_RECORDS FOR THE TASK_.
[Start of section]

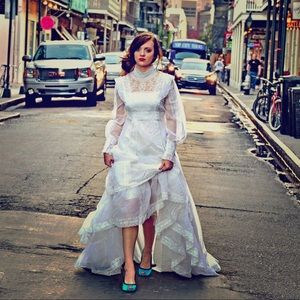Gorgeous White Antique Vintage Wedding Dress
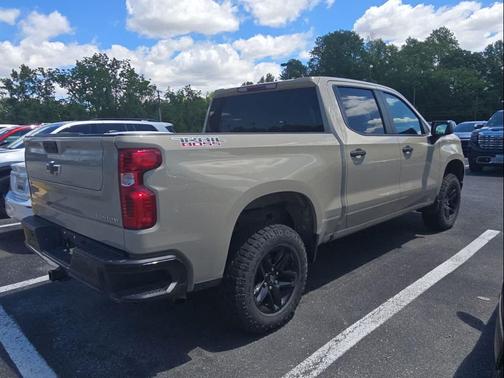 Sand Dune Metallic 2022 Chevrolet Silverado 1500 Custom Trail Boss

[End of section]
[Start of section]

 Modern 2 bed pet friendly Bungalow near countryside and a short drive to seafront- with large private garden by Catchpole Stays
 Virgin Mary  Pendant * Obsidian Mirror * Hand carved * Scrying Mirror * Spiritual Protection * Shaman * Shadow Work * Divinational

[End of section]
[Start of section]

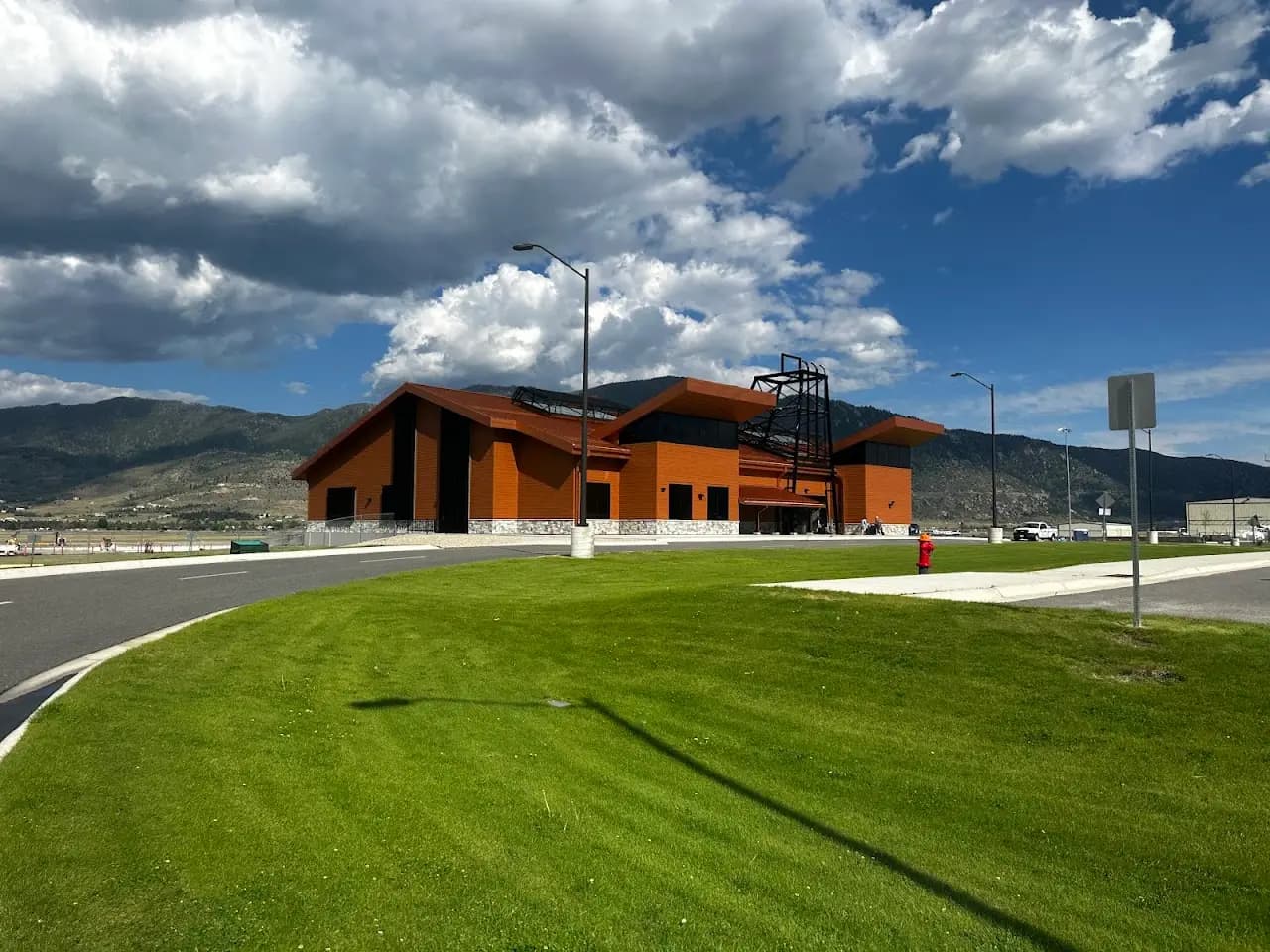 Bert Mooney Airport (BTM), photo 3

[End of section]

Within the listing above, find the line containing "Gorgeous White Antique Vintage Wedding Dress" and the line containing "Sand Dune Metallic". Transcribe them and everything between them exactly, leaving out the pictures.

Gorgeous White Antique Vintage Wedding Dress
 Sand Dune Metallic 2022 Chevrolet Silverado 1500 Custom Trail Boss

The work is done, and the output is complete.